May 12, 2020 at 3:03 p.m.

The initiatives of the City of Pine Bluff and Go Forward Pine Bluff are paying off as the city is beginning to see the reaping of their harvest.
Pine Bluff was often described in the media as a “war zone” and “the worst place to live in America” but through the support of local leaders and volunteers, the good about the community is outweighing the bad.
GFPB strategy for redeveloping, repurposing and revitalizing downtown Pine Bluff is transforming off the blue print into a visual delight.
According to a newsletter released by the organization, the Economic Development’s Pillar to establish The Generator (an innovation hub) and the Quality of Life’s Pillar Downtown Historical District initiative is looking promising for the future of the city.
“Although Streetscape has been in the works for several years, we finally see it become a reality,” said GFPB in their newsletter. “This project, as well as others by many organizations, is working towards making downtown the place to be.”
Funding for Streetscape comes from the Penny for Progress sales tax that was passed in 2011, as well as a $1M grant from the Arkansas Highway and Transportation Department.
GFPB and the Community and Economic Development Department teamed together to secure a $350K Delta Regional Authority Grant for additional funding and $2M from the City of Pine Bluff. The Arkansas State Highway Commission awarded $500K for the project in 2015.
Over $200K has been allocated for the construction of the 601 Main Street Plaza with the 2017 5/8th cent sales tax through the Pine Bluff Urban Renewal Agency.
Dr.

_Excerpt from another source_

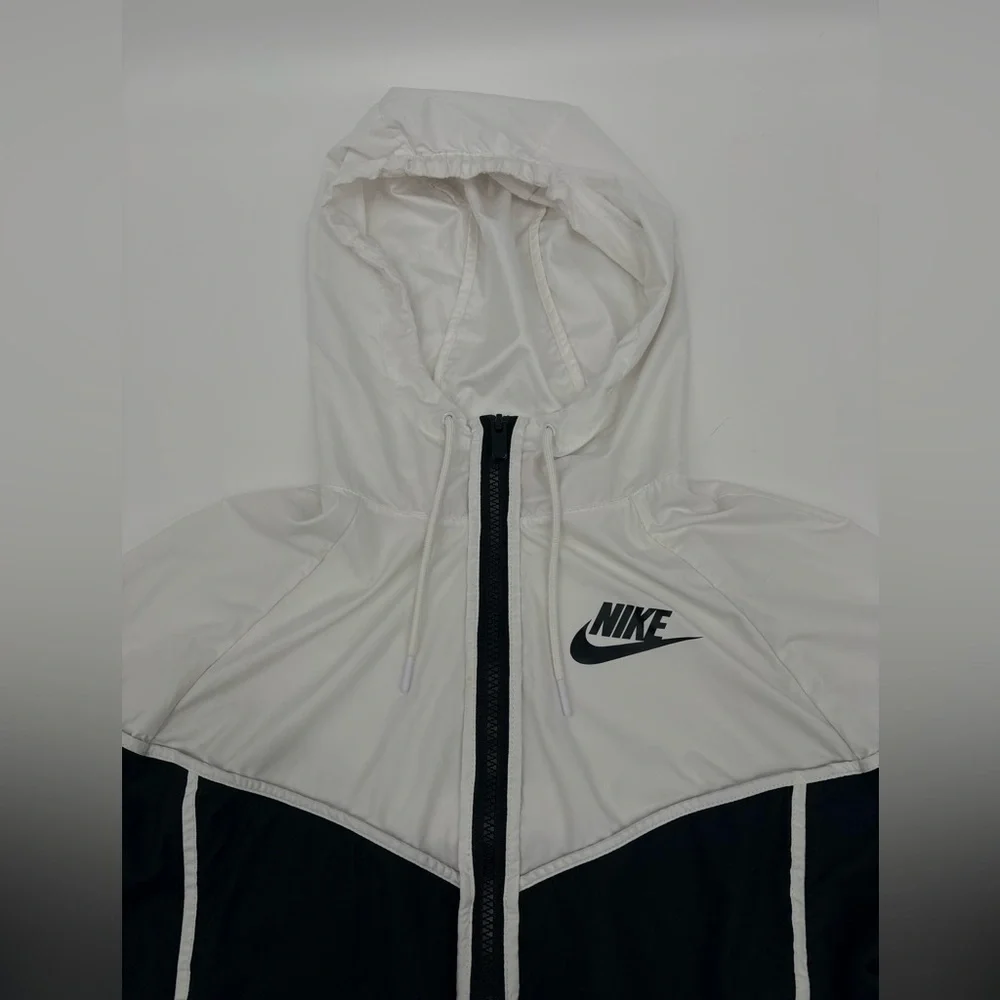 Nike Sportswear Windrunner Windbreaker Women's Jacket White-Black - Picture 4 of 7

Ryan Watley, CEO of Go Forward Pine Bluff, said last week that the Urban Renewal Agency was gearing up to remove blight from the community after efforts were stalled.
According to the newsletter, PBURA crews are on target to surpass all of last year’s demolitions by the end of the second quarter.
Watley has also proposed an updated First responder Incentive Program for 2020 that both the Chief of Police Kelvin Sergeant and Fire Chief Shauwn Howell, are in favor of.
A public private review committee established by Mayor Washington created a strategy to retain the quality and professionalism of the first responder force through effective recruiting, continuing education, and competitive salaries.
The first responder homebuyer assistance program would aid full time City of Pine Bluff uniform police and fire officers by making 0% interest loan up to $10,000 which could be used for any combination of down-payment and or interest reduction required by the lender along with additional cost associated with purchasing a home.
The funds can also be used for home improvement. New construction is also eligible. There is no limit to the price of the home that can be purchased as long as the home is within the City limits of Pine Bluff
First responders who are existing home owners are eligible for up to $5,000 (five thousand) in home repairs. Payment for home repairs will be subject to procurement laws and made directly to qualified licensed subcontractors.
According to the proposal, standard credit regulations would still apply to the housing incentive program. However, assistance would be available for non-automatic qualifiers through secondary market lenders and credit repair assistance.
Down payment, closing cost and or home repair loans will be structured in the form of a 0% interest five-year forgivable loan.
Public safety officers are required to serve as a uniform officer for five years for the loan to be forgiven. Voluntary resignation and/or termination before the five-year forgiveness period will result in repayment of the loan.
Wately said the intent of the program is to recruit first responders for the Pine Bluff Police and Fire Department so departments can fulfill their staffing needs.